** How to complete this task **
Transcribe the listing below exactly, without pictures.

** Given data **
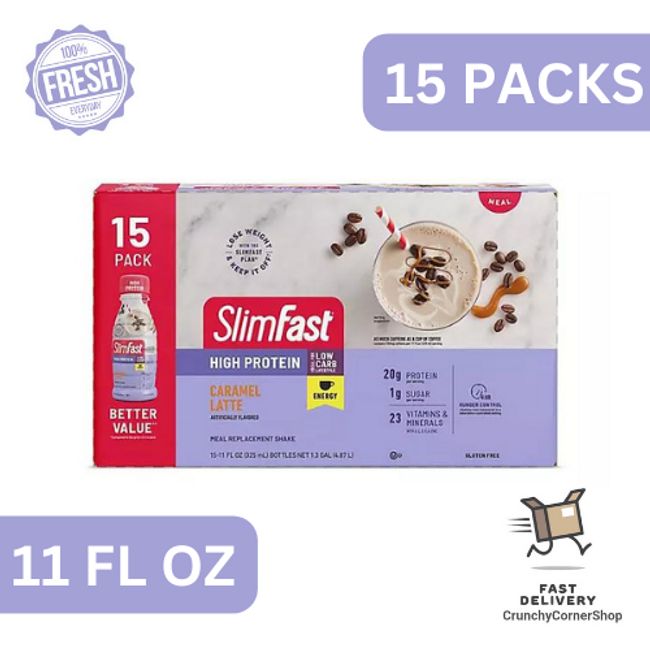 SlimFast Advanced Energy Caramel Latte High Protein Ready to Drink 11 fl oz.15pk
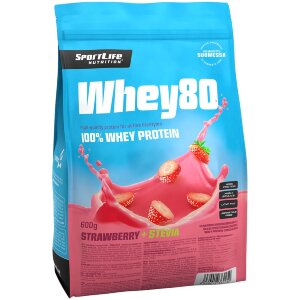 SportLife Nutrition Whey80 600g Strawberry Whey Protein Powder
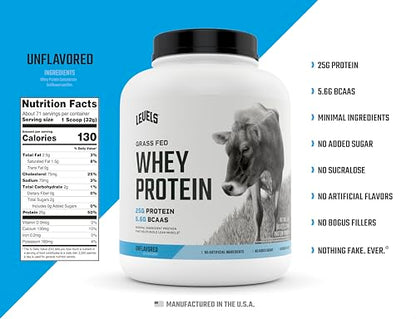 Levels Grass Fed 100% Whey Protein, No Hormones, Unflavored, 5LB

** Answer section **
 SlimFast Advanced Energy Caramel Latte High Protein Ready to Drink 11 fl oz.15pk
 SportLife Nutrition Whey80 600g Strawberry Whey Protein Powder
 Levels Grass Fed 100% Whey Protein, No Hormones, Unflavored, 5LB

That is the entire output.